▶ PROVIDED DATA:
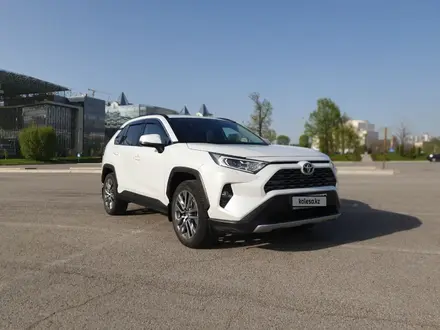 Toyota RAV4 2021 года за 16 700 000 тг. в Алматы – фото 7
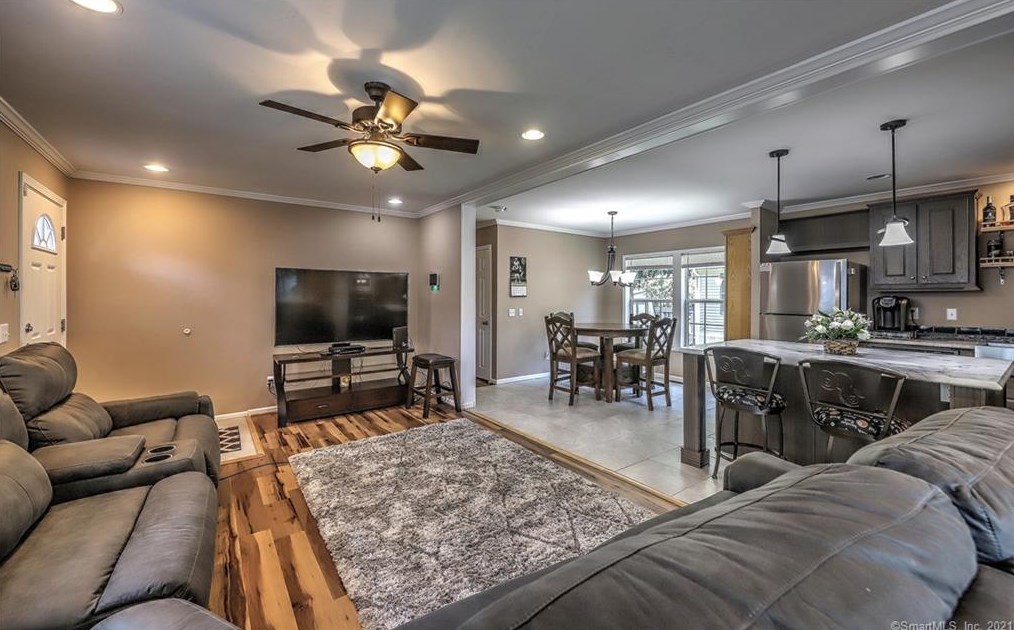 56 Woodland Park, Huntington CT  06484-5347 exterior
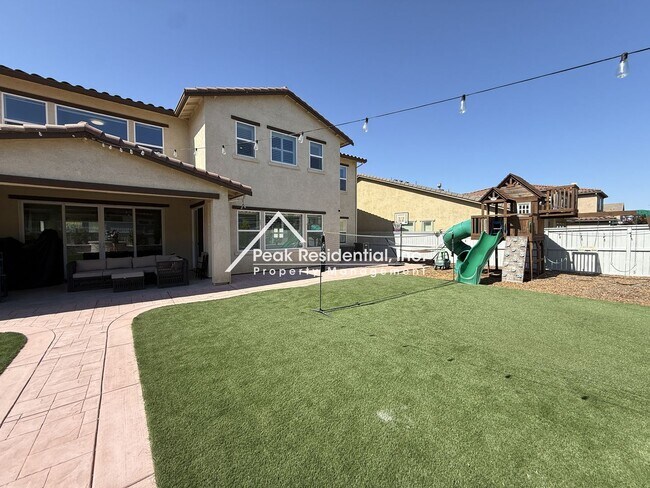 Building Photo - 3535 Heron Ct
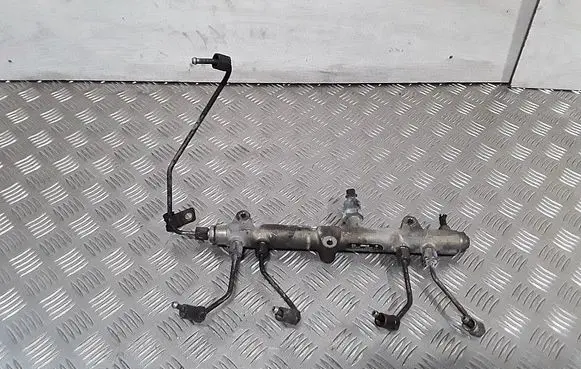 Chrysler Voyager Fuel main line pipe 0445214041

▶ EXERCISE DESCRIPTION: Leave out the pictures and output the rest of the material exactly as written.

▶ FINAL ANSWER:
 Toyota RAV4 2021 года за 16 700 000 тг. в Алматы – фото 7
 56 Woodland Park, Huntington CT  06484-5347 exterior
 Building Photo - 3535 Heron Ct
 Chrysler Voyager Fuel main line pipe 0445214041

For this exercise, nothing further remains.